◆ PROVIDED INFORMATION:
-*-*-
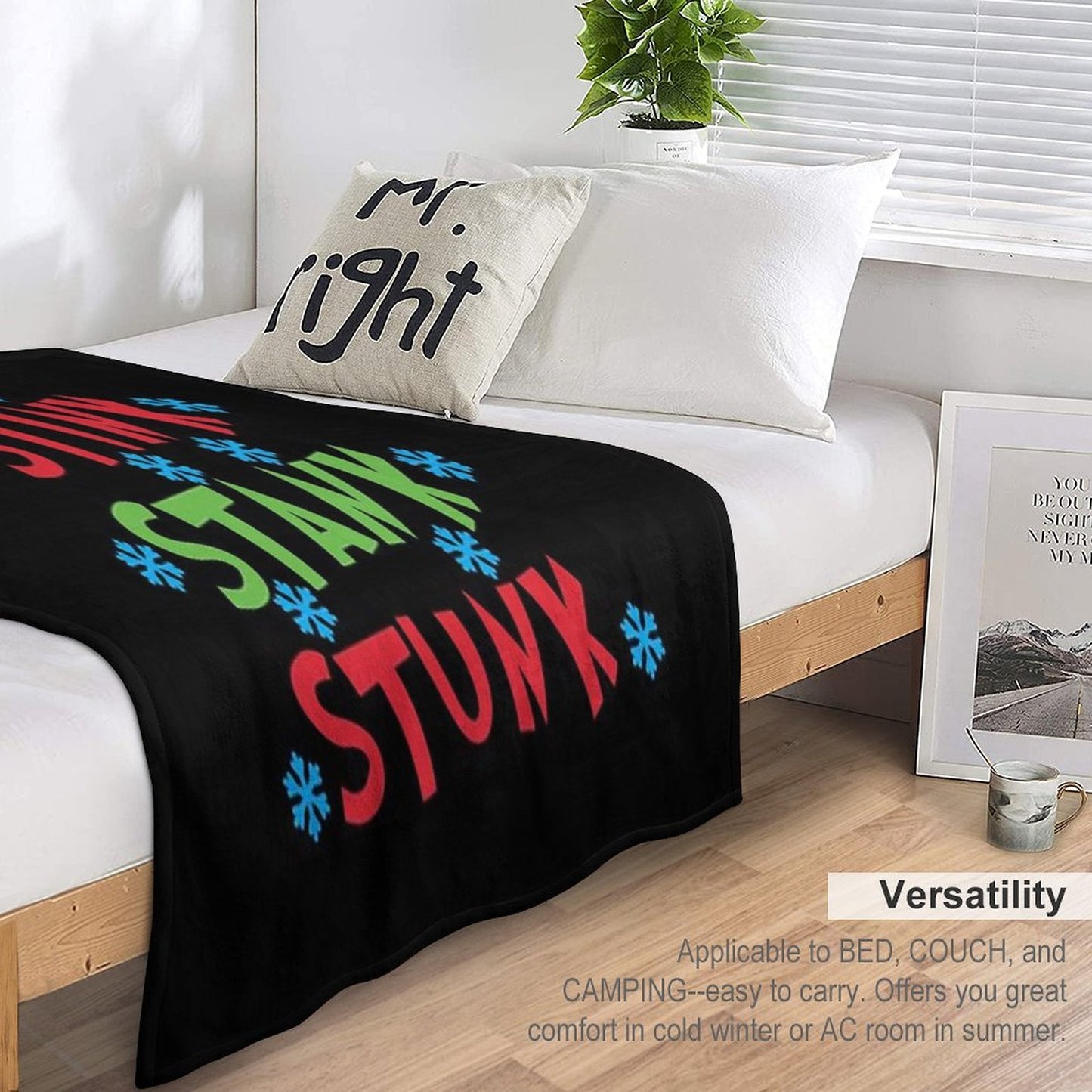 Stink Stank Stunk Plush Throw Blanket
-*-*-
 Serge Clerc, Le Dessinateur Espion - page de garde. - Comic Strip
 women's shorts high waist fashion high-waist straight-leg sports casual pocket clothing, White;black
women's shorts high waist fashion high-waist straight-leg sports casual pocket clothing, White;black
-*-*-
◆ TRY IT: A number is the only answer here: how many lines of the material above contain "White"?

◆ EXERCISE RESULT: 2